- Requirement -
Nothing but the lines below from the one containing "Point Mallard Park Event Field - Image 1" through the one containing "股东提起诉讼的程序和情形" should appear in the answer, exact and without pictures.

- Material for this exercise -
——
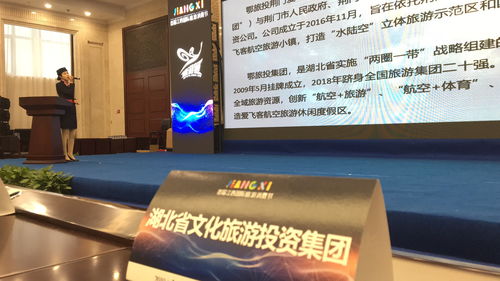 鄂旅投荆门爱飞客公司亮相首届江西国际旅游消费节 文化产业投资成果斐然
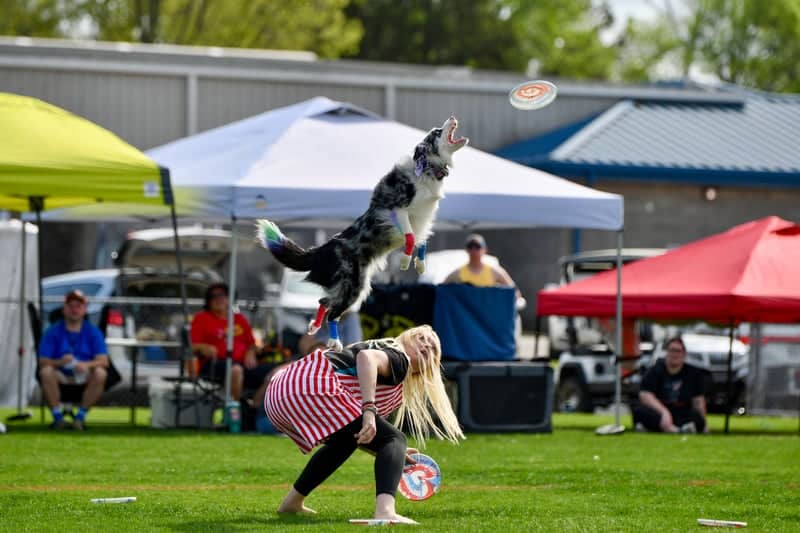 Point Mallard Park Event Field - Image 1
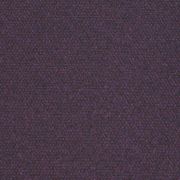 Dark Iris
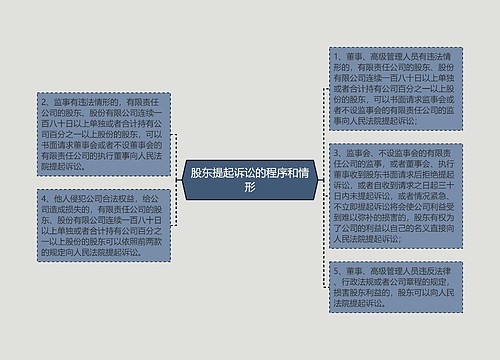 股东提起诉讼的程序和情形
——
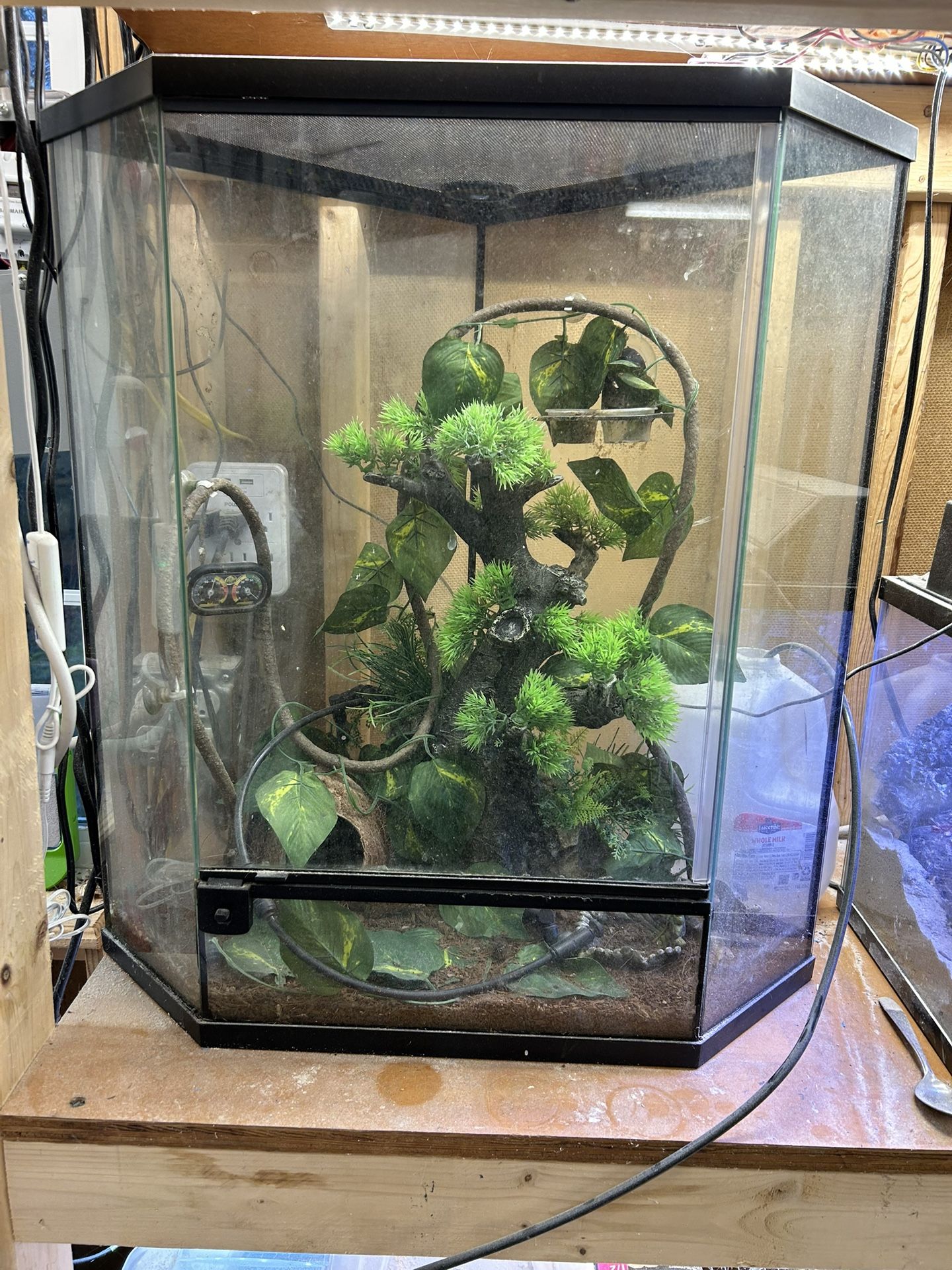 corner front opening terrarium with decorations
——
- Exercise response -
 Point Mallard Park Event Field - Image 1
 Dark Iris
 股东提起诉讼的程序和情形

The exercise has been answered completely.